### Problem statement
Reproduce the records below exactly from their first line through the line containing "Hot -Air Balloon", omitting all pictures.
--
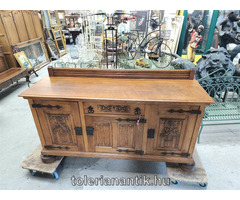 Háromajtós tálaló alsószekrény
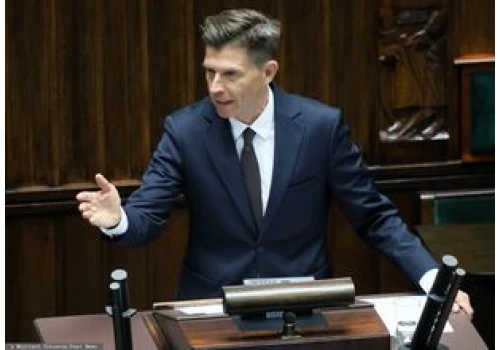 Zaskakujące słowa Petru. Chwali prezydenta i uderza w rząd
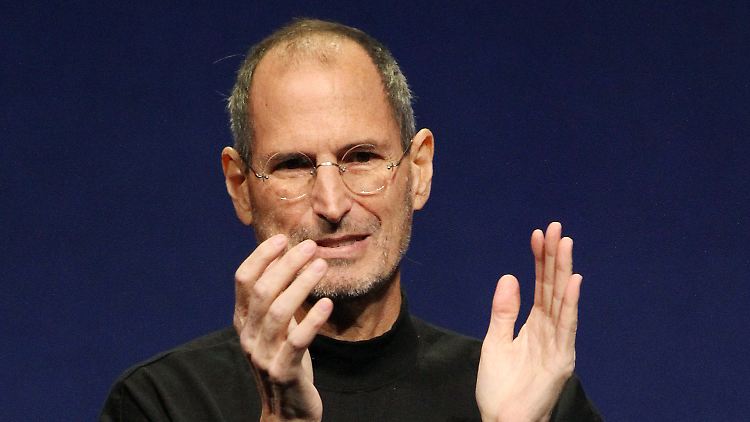 Applaus von Steve Jobs? Apple-Insider gesteht. Ihm drohen bis zu 30 Jahre Haft und eine Millionenstrafe.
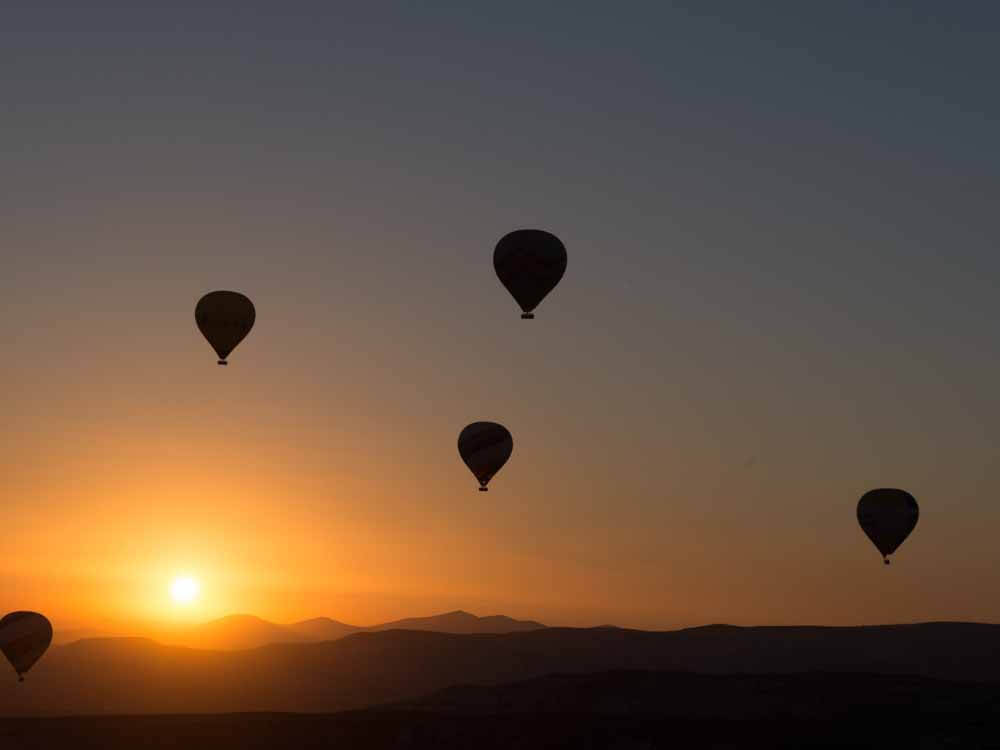 Hot -Air Balloon Flight over Teotihuacan Pyramids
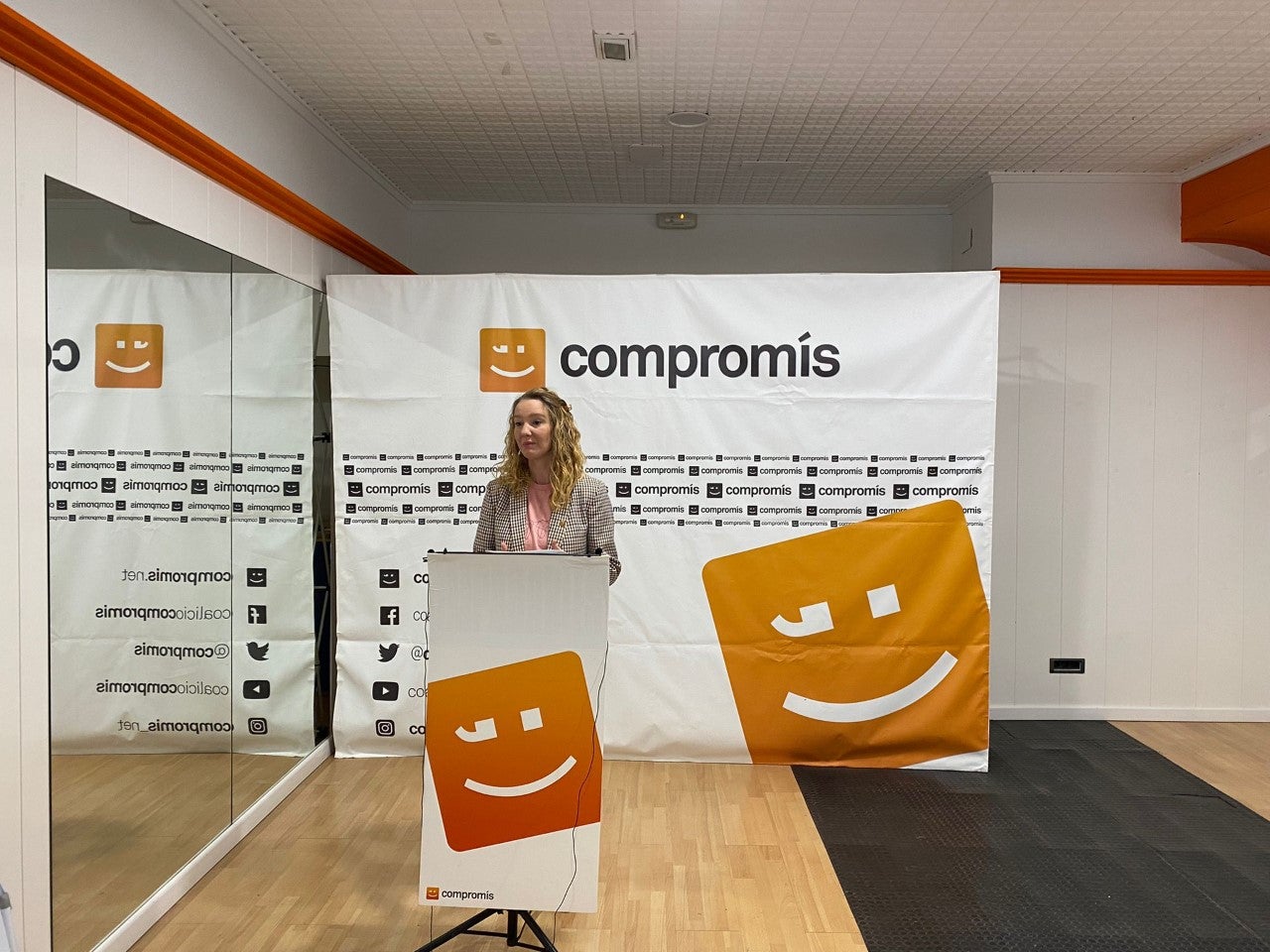 Compromís negociará con Benlloch pero sin verse las caras con María Fajardo Compromís negociará con Benlloch pero sin verse las caras con María Fajardo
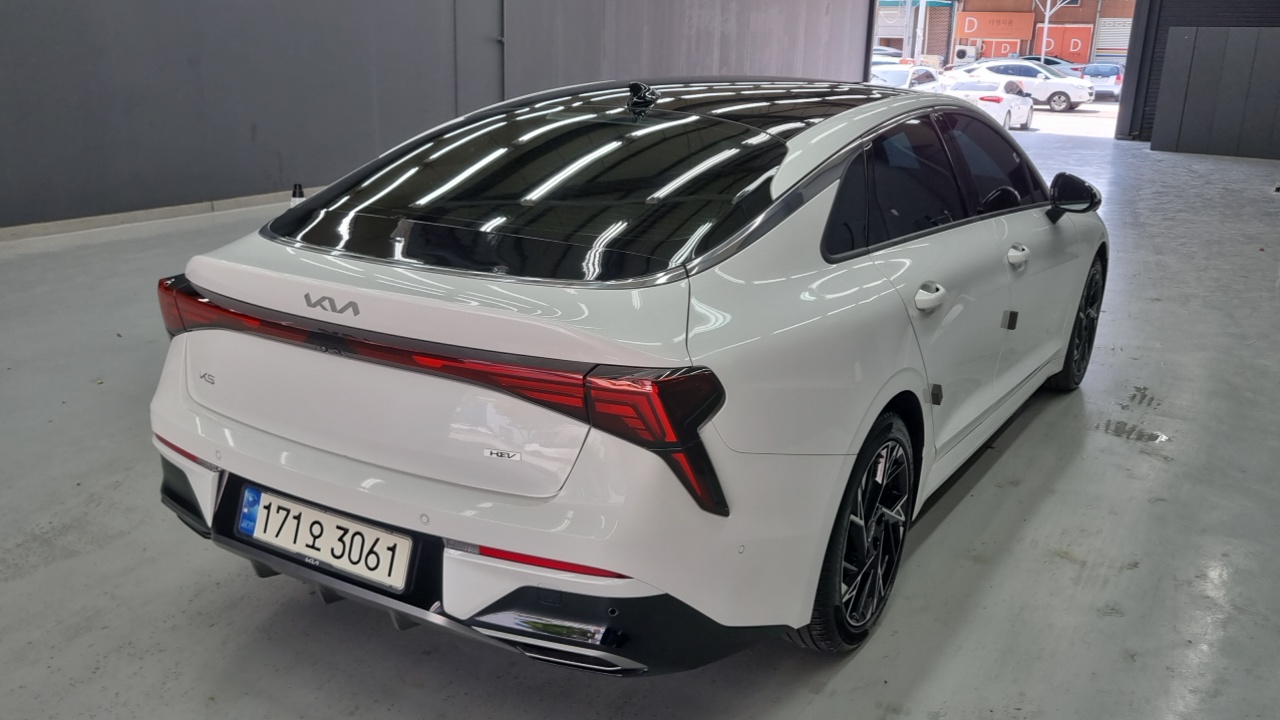 Kia K5 Hybrid 3rd Generation
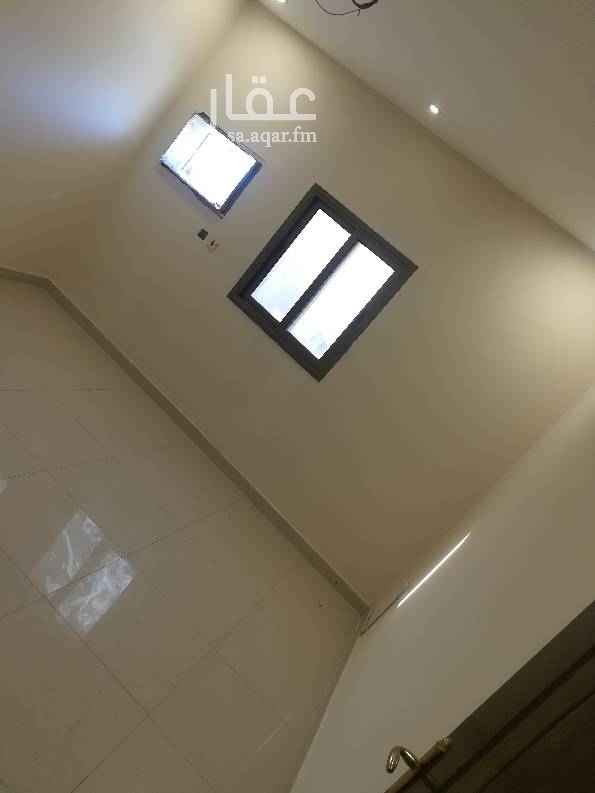 1734065 للايجار شقه عزاب بالتجاري ابو بكر الصديق عمارة بنك الرياض
1200 الشهر شامل المياه والكهرباء .
تأمين + سعي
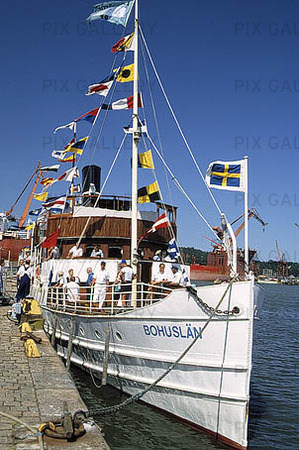 Skärgårdsbåt i Göteborgs hamn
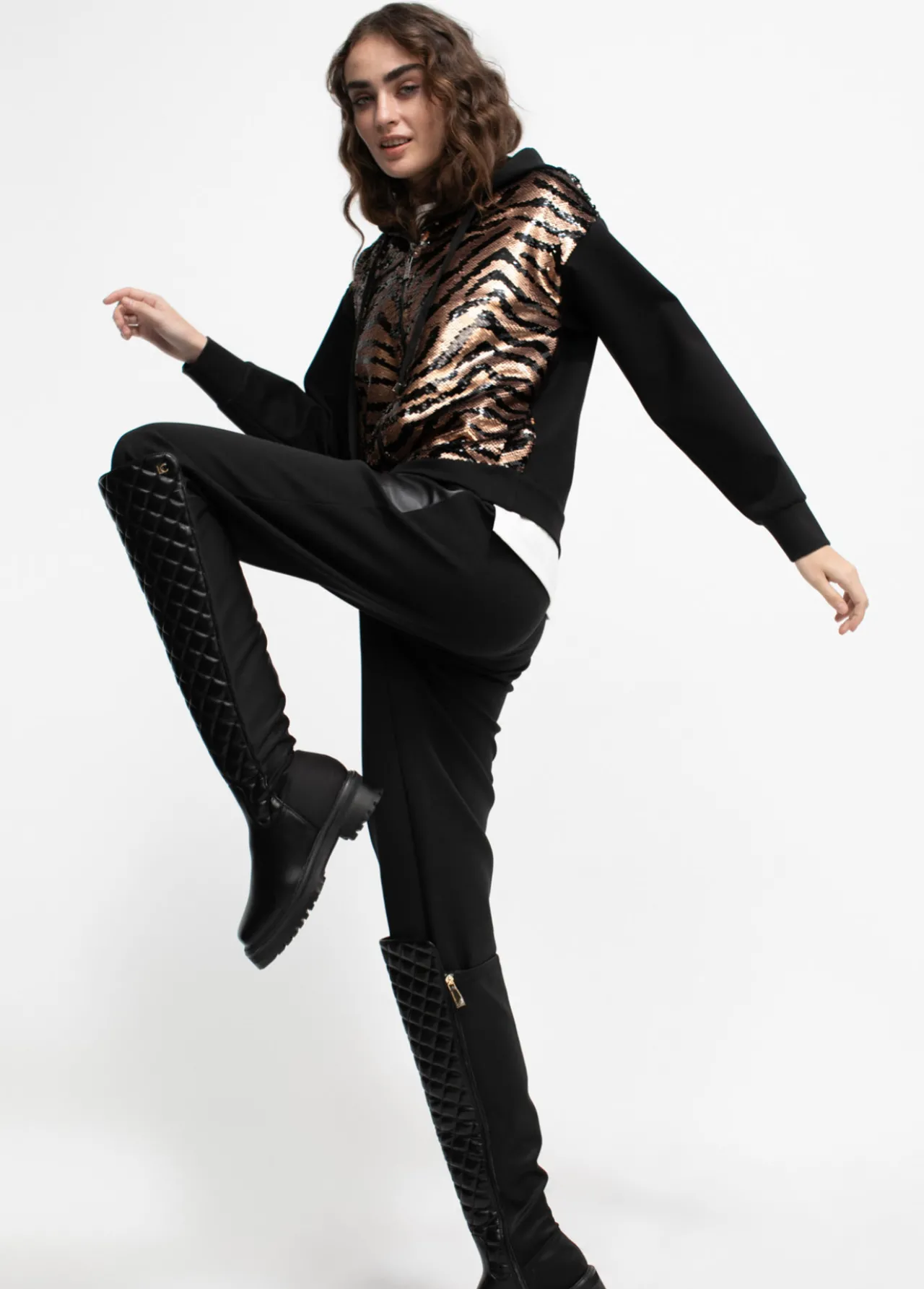 sudadera_lentejuelas_4.webp Lola Casademunt Animal Print | Sudaderas<Sudadera lentejuelas NEGRO-METAL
--
### Result of this exercise
 Háromajtós tálaló alsószekrény
 Zaskakujące słowa Petru. Chwali prezydenta i uderza w rząd
 Applaus von Steve Jobs? Apple-Insider gesteht. Ihm drohen bis zu 30 Jahre Haft und eine Millionenstrafe.
 Hot -Air Balloon Flight over Teotihuacan Pyramids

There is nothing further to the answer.